Os obituários ocupam um lugar próprio nos jornais e, geralmente possuem um mesmo padrão: iniciam com a informação sobre a morte da pessoa (nome, fotografia, causa, data, horário, local) e, em seguida, trazem uma pequena biografia na qual consta a estrutura familiar, dados profissionais e o círculo social em que se inseria o morto.

Esse texto, muitas vezes, é escrito em vida pelo próprio falecido (ou seja, expressa como ele gostaria de ser visto pela posteridade), ou por um parente ou amigo próximo, tornando-se uma espécie de último tributo àquele que partiu.

De acordo com o jornalista Matinas Suzuki Jr., que publicou (em co-autoria com Denise Bottman) “O Livro das Vidas – Obituários do New York Times” (Cia. das Letras, 2008) é possível observar uma mudança nas sessões de obituários nas últimas décadas.Até alguns anos os obituários destacavam, na maioria das vezes, o falecimento de personalidades como artistas, políticos e profissionais bem sucedidos em suas áreas de atuação, tendo os textos que acompanhavam a notícia um caráter de tributo ao morto. Suzuki revela que nos últimos anos o registro da morte de “pessoas comuns” tem ganhado cada vez mais espaços. Da mesma forma, os textos sobre o morto têm se tornado menos laudatórios e mais jornalísticos.
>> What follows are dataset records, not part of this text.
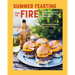 Summer Feasting from the Fire: Relaxed Recipes for the Bbq, Plus Salads, Sides, Drinks & More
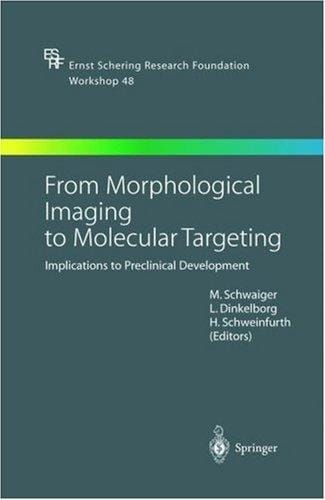 From morphological imaging to molecular targeting
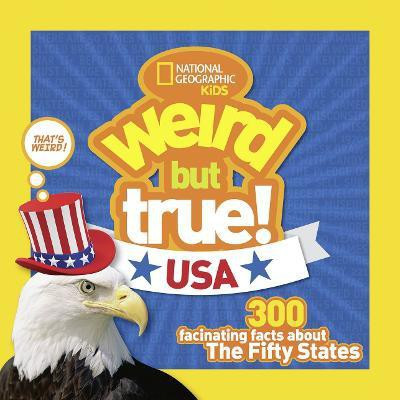 Weird But True! USA(English, Paperback, National Geographic Kids)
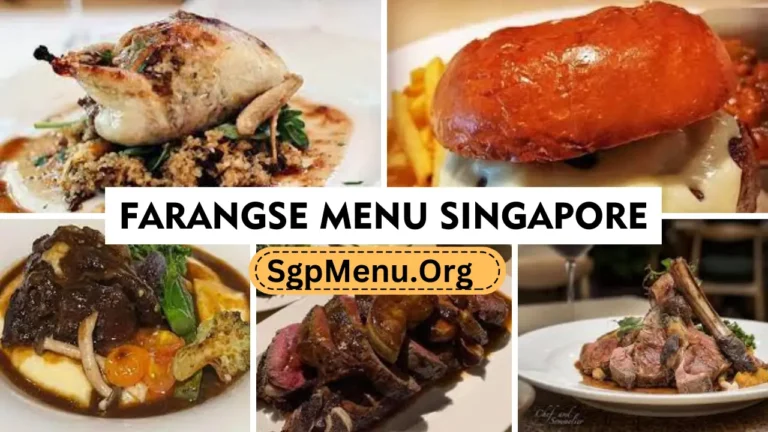 Farangse Menu Singapore Prices 2024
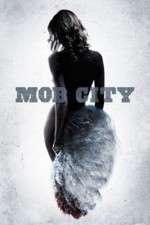 Watch Mob City Zmovie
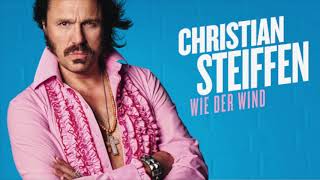 CHRISTIAN STEIFFEN  Wie der Wind Official Audio [upl. by Topper]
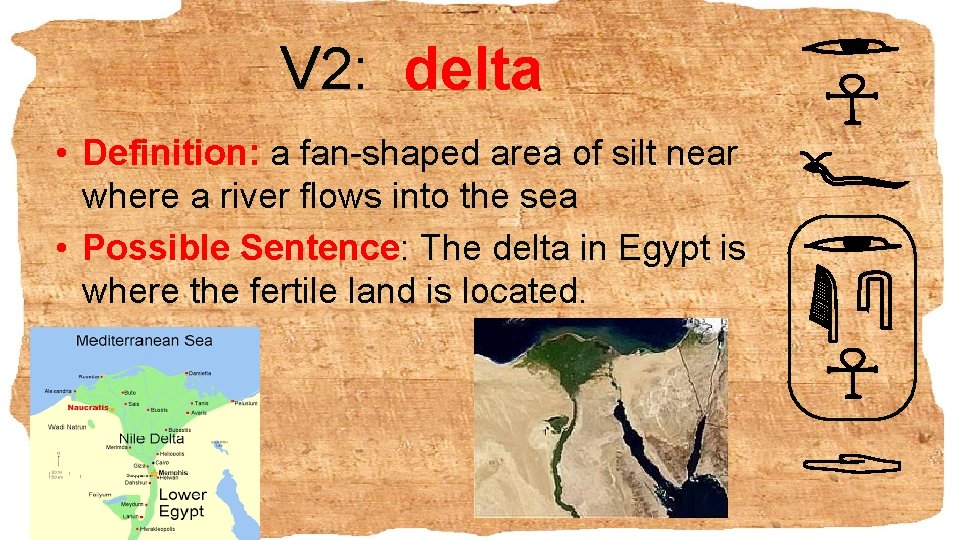 V 2: delta • Definition: a fan-shaped area of silt near where a river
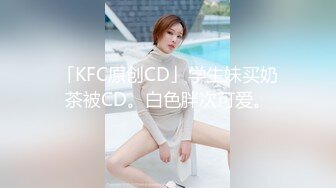 「KFC原创CD」学生妹买奶茶被CD。白色胖次可爱。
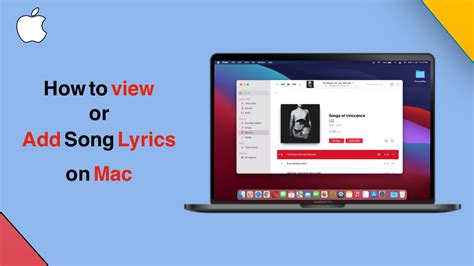 How To View Or Add Song Lyrics On Mac See Time Synced Lyrics In Apple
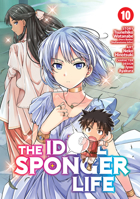 The Ideal Sponger Life Vol. 10 1648274803 Book Cover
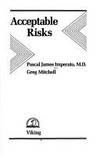 Acceptable Risks: 2 [Jan 30, 1985] Imperato, Pascal James and Mitchell, Greg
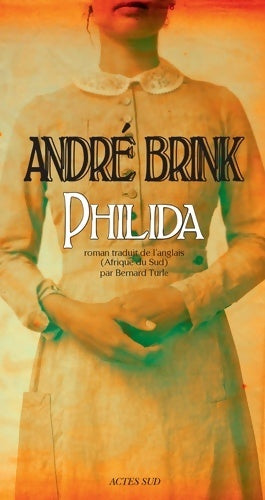 Livrenpoche : Philida - André Brink - Livre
No Brasil, os obituários não têm tradição, uma vez que o registro da morte das pessoas acaba se espalhando pelas diversas editorias (policial, social, cultural/política) que compõem os jornais, não se concentrando em uma página específica para esse fim. Recentemente, os obituários começaram a aparecer em algumas publicações nacionais como o jornal Folha de São Paulo e a revista Piauí.
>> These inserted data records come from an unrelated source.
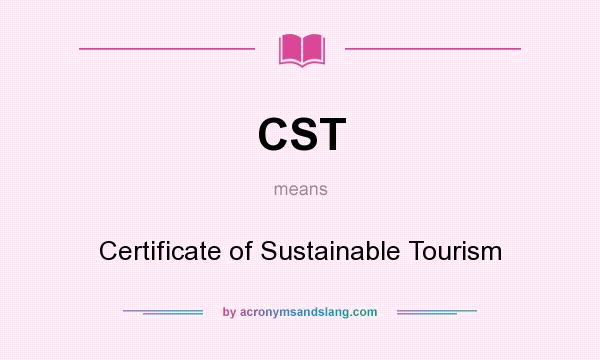 What does CST mean? It stands for Certificate of Sustainable Tourism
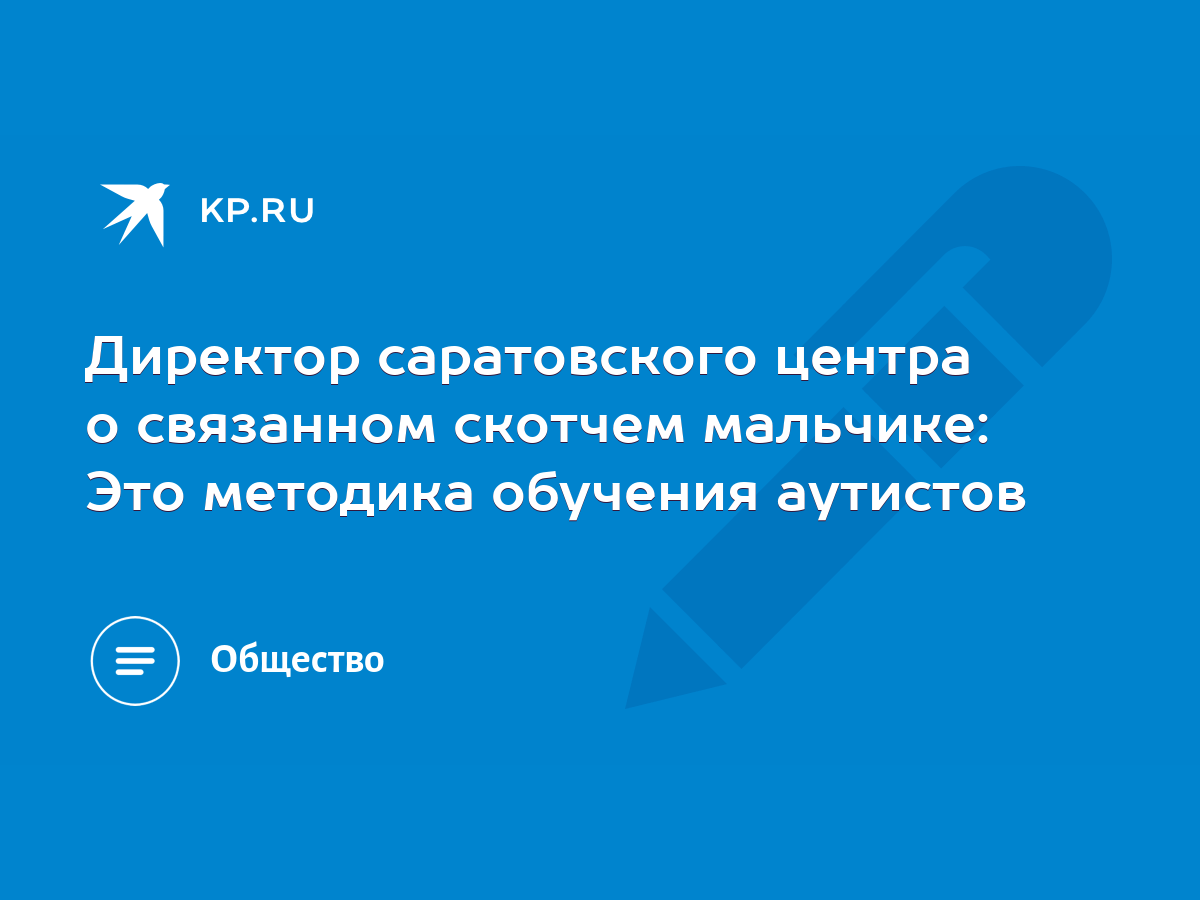 Директор саратовского центра о связанном скотчем мальчике: Это методика  обучения аутистов - KP.RU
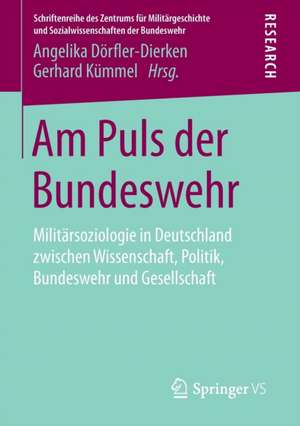 Am Puls der Bundeswehr: Militärsoziologie in Deutschland zwischen Wissenschaft, Politik, Bundeswehr und Gesellschaft de Angelika Dörfler-Dierken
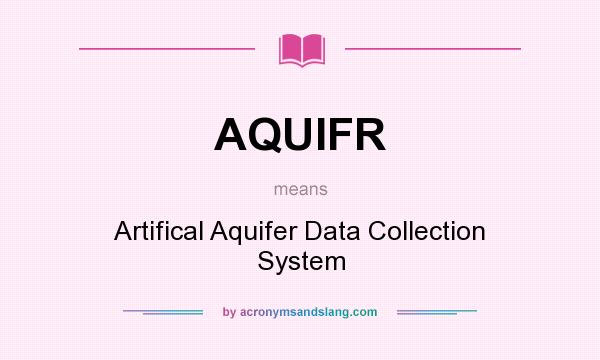 What does AQUIFR mean? It stands for Artifical Aquifer Data Collection System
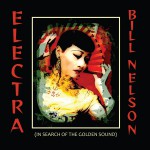 Purchase Bill Nelson Electra (In Search Of The Golden Sound)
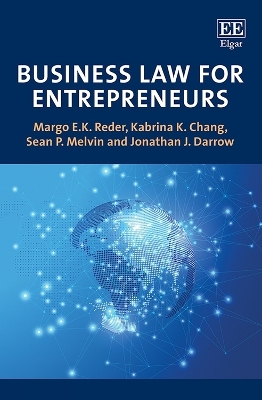 Business Law for Entrepreneurs - Margo E.K. Reder, Kabrina K. Chang, Sean P. Melvin, Jonathan J. Darrow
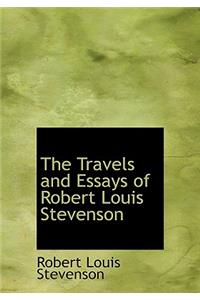 The Travels and Essays of Robert Louis Stevenson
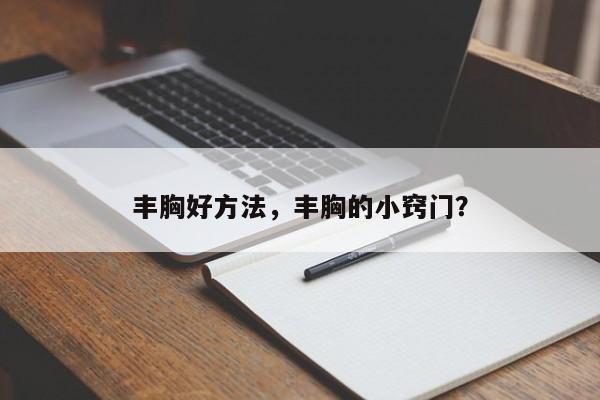 丰胸好方法，丰胸的小窍门？-第1张图片-890百科网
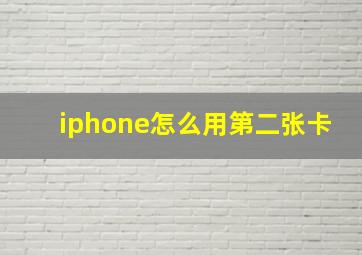 iphone怎么用第二张卡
O comum no jornalismo brasileiro não são propriamente os obituários, mas os pequenos registros sobre falecimentos, missas de 7º dia e agradecimentos familiares aos que acompanharam o morto durante sua agonia final, no velório ou sepultamento. Esses registros fazem parte da história do JM desde o nascimento do periódico e, de certa forma, também expressam a percepção dos brasileiros sobre um dos temas que até os dias atuais se constitui em um dos grandes tabus das sociedades contemporâneas: a morte!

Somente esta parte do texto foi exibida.